2. The Petition was submitted by Shri Sanjay Prabhu and others, resident of Bangalore and countersigned by Rajeev Chandrasekhar, MP, Rajya Sabha.
3. The Committee during the course of its deliberations interacted with the petitioners, representatives of Departments of Ex-servicemen Welfare (M/o Defence), Expenditure (M/o Finance) and Pensions and Pensioner’s Welfare (M/o Personnel, Public Grievances and Pensions) and some organizations/individuals.

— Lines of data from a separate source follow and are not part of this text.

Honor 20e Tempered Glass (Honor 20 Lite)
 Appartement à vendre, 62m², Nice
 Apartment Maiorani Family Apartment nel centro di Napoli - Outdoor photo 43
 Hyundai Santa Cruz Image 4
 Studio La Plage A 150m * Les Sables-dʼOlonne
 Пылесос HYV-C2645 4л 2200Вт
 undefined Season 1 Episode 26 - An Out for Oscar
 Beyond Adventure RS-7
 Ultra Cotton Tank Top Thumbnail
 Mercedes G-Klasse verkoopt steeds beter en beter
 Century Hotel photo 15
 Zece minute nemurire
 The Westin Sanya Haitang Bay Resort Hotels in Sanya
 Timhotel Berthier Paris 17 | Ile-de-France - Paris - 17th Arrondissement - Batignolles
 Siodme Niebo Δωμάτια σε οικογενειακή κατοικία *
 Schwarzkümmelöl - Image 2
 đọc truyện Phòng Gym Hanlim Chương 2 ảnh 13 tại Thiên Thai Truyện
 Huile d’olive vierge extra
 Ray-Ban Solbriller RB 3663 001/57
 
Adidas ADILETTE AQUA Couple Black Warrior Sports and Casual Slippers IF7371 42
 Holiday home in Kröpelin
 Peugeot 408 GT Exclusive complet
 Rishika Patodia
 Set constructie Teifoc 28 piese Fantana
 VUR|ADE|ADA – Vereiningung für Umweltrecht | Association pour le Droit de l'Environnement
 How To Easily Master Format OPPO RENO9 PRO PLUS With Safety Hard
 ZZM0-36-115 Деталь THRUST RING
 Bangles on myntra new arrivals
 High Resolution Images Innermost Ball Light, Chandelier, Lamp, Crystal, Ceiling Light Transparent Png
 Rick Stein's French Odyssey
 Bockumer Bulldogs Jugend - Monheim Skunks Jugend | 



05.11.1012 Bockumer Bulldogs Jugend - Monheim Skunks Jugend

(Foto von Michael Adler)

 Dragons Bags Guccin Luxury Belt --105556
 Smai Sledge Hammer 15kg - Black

4. Following are the important recommendations of the Committee:-
4.1 The Committee has taken note of the fact that a sum of Rs.1300 crores is the total financial liability for the year 2011-12 in case OROP is implemented fully for all the defence personnel in the country across the board. The Committee was informed that out of this, 1065 crores would go to retirees belonging to Post Below Officer Ranks (PBOR) while the Commissioned Officers would be getting the remaining i.e. 235 crores. The Committee felt that 1300 crores is not a very big amount for a country of our size and economy for meeting the long pending demand of the armed forces of the country. The Committee understand that this 1300 crores is the expenditure for one year which might increase at the rate of 10 percent annually. Even if it is so, the Committee does not consider this amount to be high, keeping in view the objective for which it would be spent.
(Para 11 of the Report)
4.2 The Committee was not convinced with the version of the Ministry of Finance that the grant of OROP to the defence personnel would eventually generate similar requests from the civilian work force of the country under the Central Government and the State Governments. The Committee feels so because of the quite different terms and conditions of service of the two different categories of employments. The terms and conditions of armed forces are tougher and harsher than the civilian Government employee. On the issue of returning of service medals by the defence personnel of our country to the President of India in view of the Governments’ apathetic attitude towards their demand of grant of OROP, the Committee was of the view that our defence personnel should not feel alienated to this extent again and they are not forced to surrender their hard earned service medals in this manner to exhibit their discontent with the government policies.
(Para 11.2 of the Report)
4.3 The Committee also felt that the decision of the Government to bring our defence personnel on the pattern of the civilians with regard to their pay, pension, etc. (from Third Central Pay Commission onwards) is not a considered decision which has caused hardship to the defence personnel and has given birth to their demand for OROP. The Committee understand that before the Third Central Pay Commission, the defence personnel were getting their pay / pension on the basis of separate criteria unconnected with the criteria devised for the civilian work force. That criteria acknowledged and covered the concept of OROP which has been given up after the Third Central Pay Commission.